■ What needs to be done
Beneath this instruction is a listing. Transcribe from it only the stretch from the line with "Скутер MOTOLAND (МОТОЛЕНД)" through the line with "Retractable Wall Mounted", both end lines included, exactly as written.

====================

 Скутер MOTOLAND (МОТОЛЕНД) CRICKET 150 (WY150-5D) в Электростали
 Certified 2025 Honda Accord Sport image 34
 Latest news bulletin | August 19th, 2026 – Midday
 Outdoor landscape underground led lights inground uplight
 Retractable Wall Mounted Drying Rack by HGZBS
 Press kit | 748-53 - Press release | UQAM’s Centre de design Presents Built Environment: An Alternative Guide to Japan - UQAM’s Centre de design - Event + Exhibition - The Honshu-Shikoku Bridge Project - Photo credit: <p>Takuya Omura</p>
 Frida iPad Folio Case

====================

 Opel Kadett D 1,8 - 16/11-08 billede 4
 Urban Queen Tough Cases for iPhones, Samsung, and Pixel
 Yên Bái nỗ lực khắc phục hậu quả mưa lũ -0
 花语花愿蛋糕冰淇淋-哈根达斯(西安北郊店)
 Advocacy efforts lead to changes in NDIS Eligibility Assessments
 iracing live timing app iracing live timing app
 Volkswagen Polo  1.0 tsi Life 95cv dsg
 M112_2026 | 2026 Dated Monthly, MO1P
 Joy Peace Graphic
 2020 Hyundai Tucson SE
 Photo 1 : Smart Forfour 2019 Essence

====================

■ Solution
 Скутер MOTOLAND (МОТОЛЕНД) CRICKET 150 (WY150-5D) в Электростали
 Certified 2025 Honda Accord Sport image 34
 Latest news bulletin | August 19th, 2026 – Midday
 Outdoor landscape underground led lights inground uplight
 Retractable Wall Mounted Drying Rack by HGZBS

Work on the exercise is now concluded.